This is the first installment in a series on the tensions within both libertarian thought and the libertarian movement. Today I will focus on abortion – though, as I will explain below, this might seem an odd choice of topics for this series if you spend a lot of time around many movement libertarians.
Listening to or reading the works of many movement libertarians, you would think that there was an unambiguous libertarian position on abortion. Namely, that libertarians are by definition pro-choice. Indeed, I have been told repeatedly by such libertarians that “we” have to be against laws restricting the ability of women to seek an abortion. More frequently, this position is just assumed during any conversation that touches the subject.
Thus it was with no surprise that I read Michael Moynihan, on Reason magazine’s website, recently stating unequivocally: “I have very libertarian views on abortion” (I’m not picking on Moynihan, he just provided the umpteenth example of such talk by movement libertarians).* As it is clear here, Moynihan and others who say such things believe that there is a libertarian stance on the subject – on par with the libertarian view on, say, forced enslavement or income tax withholding (just joking about that last one — and btw, thanks Uncle Miltie for that “innovation”!).
This represents either a serious misunderstanding of libertarianism or an overly broad conception of it that goes beyond politics. Libertarianism – in the “statist” way I define it – is not opposed to any law restricting what an individual can do. Properly understood, it is a thin political theory that sanctions only those laws that relate to the fundamental protection of an individual’s property rights, broadly understood (either because individuals have natural rights or because of a rule-utilitarian position that generates such rights).
Therefore, in the area of abortion, all hangs on the definition of when life begins, whether an unborn child/fetus has rights or when it gains them, and therefore when a life warrants protection by the state. As a limited theory of politics, libertarianism cannot answer these questions and thus really has little to say on its own about whether abortion should be legal or illegal. We as individual libertarians can only answer these questions by importing exogenous ethical or scientific theories.
Therefore, libertarianism is properly ecumenical on abortion. While this is admittedly too black and white, one could argue that if you think life exists/rights inhere at conception, as a libertarian you should favor at least some level of government protecting the rights of the unborn.
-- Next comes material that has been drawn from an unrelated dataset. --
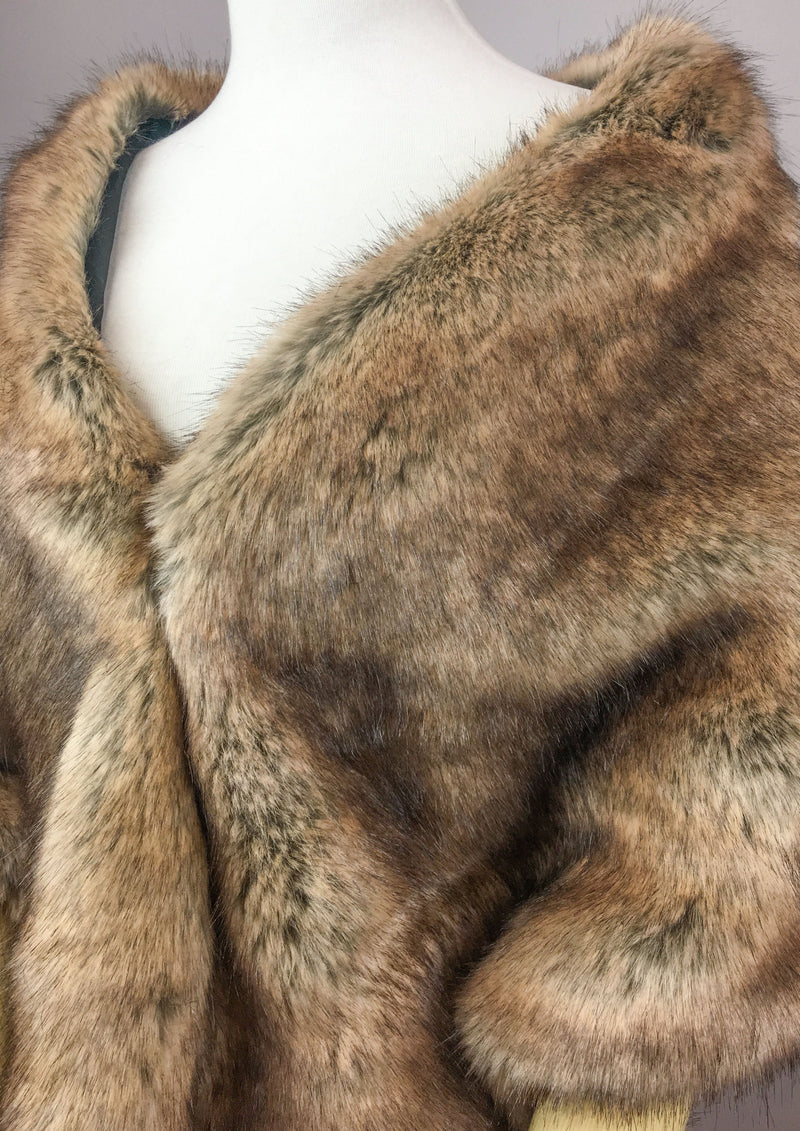 Brown Faux Fur Shawl (Butterfly Brw04)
If you think life exists/rights inhere at birth, as a libertarian you should be opposed to laws restricting acccess to abortion. But both arguments are good libertarian arguments once you import your understanding of when an individual life begins/gains rights. And thus we should not be surprised that there are libertarians on both sides of the issue. So while the Reason crowd seems to be more pro-choice, Ron Paul is pro-life and there is a group called Libertarians for Life. However, pro-lifers are underrepresented among movement libertarians in my experience.
So please stop saying that there is a libertarian position on abortion – whether you are pro-life or pro-choice, pro-abortion or anti-choice, or anything else for that matter.
* And you’ll see by the comments on Moynihan’s post that non-movement libertarians frequently disagree.